As any parent knows, sex is a small part of reproductive success in
humans. Kids actually need a tribe around them, but that starts with *two*
parents who have to stay bonded for over a decade. Pair bonding borrows
the same chemical, oxytocin, that mammals have used for over 100 million
years to get mothers to take care of young. Both males and females humans
release oxytocin at orgasm. I don't know of a study, but I would bet you
*long* odds that a study would find pair stability directly related to oxytocin (and possibly vasopressin) peaks after sex.
>Only if there is an adaptive benefit... and what Bagemihl shows (ignoring
>the shortcomings you mention) is that evolution favours diversity on this
>issue. Many, if not all mammals - including us - have the potential for
>bisexual activity and relationships, and we swing one way or the other as
>the situation requires. As humans, our MEMETIC makeup may predispose us to
>deny it (and as an aside there is good scientific evidence that closet
>bisexuals are the most vociferous in promoting anti-gay memes) - but that
>doesn't change the fact that we are all bisexual.
I am not into group selection driving genetic evolution for reasons that it
just does not work out logically (the feedback path does not close).

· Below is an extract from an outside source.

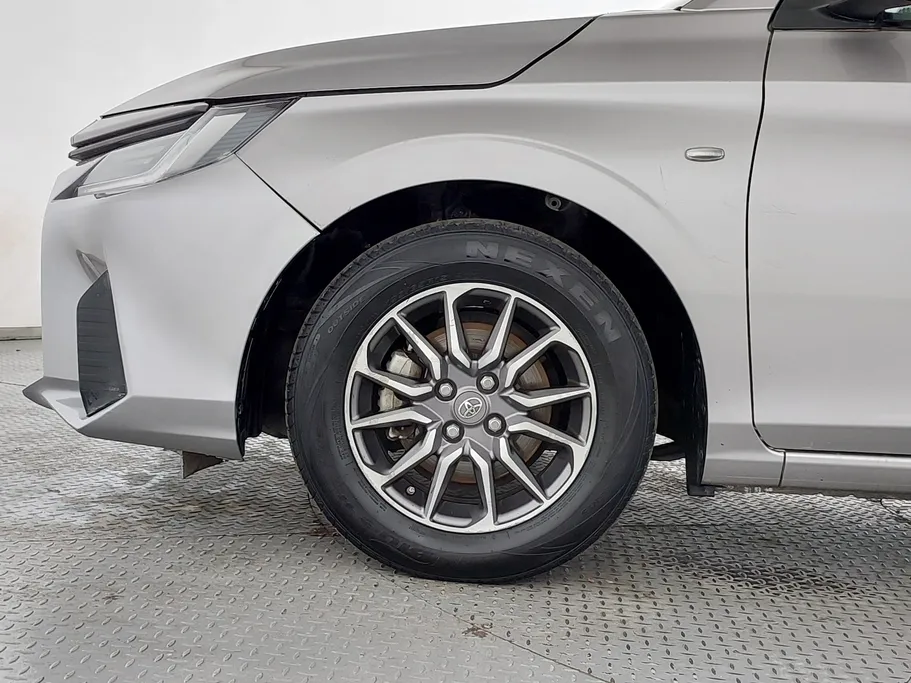 2024 Toyota Yaris  Y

But
in more violent times, groups that had memes for high reproduction may have
done better in times of high death rates than groups that did not. You can
make a modern case for it with Mormons and Catholics and an extreme counter
example with the Shakers. Thus anti-gay memes would go in the same bin as
anti-abortion, anti-infanticide and anti-birth control memes if you want a
lot of effort put into raising more kids to become meme hosts. This loop
>I think my point here is to challenge the assumption that we need to
>explain homosexual behaviour MORE than we need to explain other
Good point. And there is interesting early research indicating that male
attraction to other males is due to genes that normally function to make
women attracted to men.
Survival of genetic homosexual traits explained
00:01 13 October 2004
NewScientist.com news service
Italian geneticists may have explained how genes apparently linked to male
homosexuality survive, despite gay men seldom having children. Their
findings also undermine the theory of a single "gay gene".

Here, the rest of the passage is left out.